:: Extracted data
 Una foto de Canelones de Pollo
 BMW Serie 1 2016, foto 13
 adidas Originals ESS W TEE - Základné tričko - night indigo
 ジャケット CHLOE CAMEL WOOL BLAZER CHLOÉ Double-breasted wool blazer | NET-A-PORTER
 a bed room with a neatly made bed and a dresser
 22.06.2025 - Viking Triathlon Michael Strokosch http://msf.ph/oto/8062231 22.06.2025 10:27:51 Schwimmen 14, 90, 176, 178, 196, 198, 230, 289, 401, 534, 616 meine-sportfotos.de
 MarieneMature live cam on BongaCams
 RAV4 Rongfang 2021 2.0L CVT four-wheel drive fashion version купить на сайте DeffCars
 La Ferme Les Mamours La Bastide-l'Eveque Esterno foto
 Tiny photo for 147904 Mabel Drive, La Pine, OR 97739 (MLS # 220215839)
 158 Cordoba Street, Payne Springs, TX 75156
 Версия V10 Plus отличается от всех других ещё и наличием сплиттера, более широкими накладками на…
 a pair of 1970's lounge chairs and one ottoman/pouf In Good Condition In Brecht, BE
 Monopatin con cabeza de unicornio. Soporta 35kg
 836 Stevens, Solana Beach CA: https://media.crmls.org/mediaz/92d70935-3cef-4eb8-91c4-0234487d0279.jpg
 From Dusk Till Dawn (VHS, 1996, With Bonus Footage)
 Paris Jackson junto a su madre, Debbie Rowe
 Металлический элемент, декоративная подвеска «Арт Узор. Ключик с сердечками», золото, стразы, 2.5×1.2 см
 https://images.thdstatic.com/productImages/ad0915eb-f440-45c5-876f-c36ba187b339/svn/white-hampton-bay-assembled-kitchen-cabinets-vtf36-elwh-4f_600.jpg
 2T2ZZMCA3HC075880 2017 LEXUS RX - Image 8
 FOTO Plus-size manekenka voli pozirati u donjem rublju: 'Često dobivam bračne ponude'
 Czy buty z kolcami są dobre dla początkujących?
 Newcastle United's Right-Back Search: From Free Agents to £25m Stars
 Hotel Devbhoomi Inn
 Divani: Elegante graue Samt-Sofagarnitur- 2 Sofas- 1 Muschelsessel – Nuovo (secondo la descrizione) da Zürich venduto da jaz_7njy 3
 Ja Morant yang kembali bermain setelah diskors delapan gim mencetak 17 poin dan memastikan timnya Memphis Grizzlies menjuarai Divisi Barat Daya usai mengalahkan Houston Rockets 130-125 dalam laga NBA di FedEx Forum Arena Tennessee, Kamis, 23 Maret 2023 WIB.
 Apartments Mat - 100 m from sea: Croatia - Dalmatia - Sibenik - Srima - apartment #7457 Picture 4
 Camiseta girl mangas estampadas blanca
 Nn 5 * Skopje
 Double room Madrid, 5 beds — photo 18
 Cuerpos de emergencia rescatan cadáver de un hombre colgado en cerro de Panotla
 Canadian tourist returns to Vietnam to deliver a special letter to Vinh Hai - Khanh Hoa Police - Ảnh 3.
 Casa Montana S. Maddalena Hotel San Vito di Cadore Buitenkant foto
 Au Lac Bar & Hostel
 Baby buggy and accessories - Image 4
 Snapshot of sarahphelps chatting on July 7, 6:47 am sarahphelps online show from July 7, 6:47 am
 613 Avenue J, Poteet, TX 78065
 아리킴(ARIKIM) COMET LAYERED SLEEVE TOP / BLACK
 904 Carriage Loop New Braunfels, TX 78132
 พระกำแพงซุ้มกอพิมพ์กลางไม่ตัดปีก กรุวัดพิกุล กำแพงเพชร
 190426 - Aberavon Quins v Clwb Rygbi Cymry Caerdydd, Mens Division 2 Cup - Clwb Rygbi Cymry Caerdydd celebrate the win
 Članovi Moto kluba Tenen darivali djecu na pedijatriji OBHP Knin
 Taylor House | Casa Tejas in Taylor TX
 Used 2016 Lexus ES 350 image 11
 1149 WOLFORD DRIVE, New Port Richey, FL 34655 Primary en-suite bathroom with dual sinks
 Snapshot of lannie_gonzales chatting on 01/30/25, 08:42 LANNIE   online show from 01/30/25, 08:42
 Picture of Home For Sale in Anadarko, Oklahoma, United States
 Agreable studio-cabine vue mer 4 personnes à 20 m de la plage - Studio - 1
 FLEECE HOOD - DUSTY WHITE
::::
Beginning at the line with "a pair of 1970's" and ending at the line with "Divani: Elegante graue", reproduce each line of the data above exactly, and add no other lines.

Response box:
 a pair of 1970's lounge chairs and one ottoman/pouf In Good Condition In Brecht, BE
 Monopatin con cabeza de unicornio. Soporta 35kg
 836 Stevens, Solana Beach CA: https://media.crmls.org/mediaz/92d70935-3cef-4eb8-91c4-0234487d0279.jpg
 From Dusk Till Dawn (VHS, 1996, With Bonus Footage)
 Paris Jackson junto a su madre, Debbie Rowe
 Металлический элемент, декоративная подвеска «Арт Узор. Ключик с сердечками», золото, стразы, 2.5×1.2 см
 https://images.thdstatic.com/productImages/ad0915eb-f440-45c5-876f-c36ba187b339/svn/white-hampton-bay-assembled-kitchen-cabinets-vtf36-elwh-4f_600.jpg
 2T2ZZMCA3HC075880 2017 LEXUS RX - Image 8
 FOTO Plus-size manekenka voli pozirati u donjem rublju: 'Često dobivam bračne ponude'
 Czy buty z kolcami są dobre dla początkujących?
 Newcastle United's Right-Back Search: From Free Agents to £25m Stars
 Hotel Devbhoomi Inn
 Divani: Elegante graue Samt-Sofagarnitur- 2 Sofas- 1 Muschelsessel – Nuovo (secondo la descrizione) da Zürich venduto da jaz_7njy 3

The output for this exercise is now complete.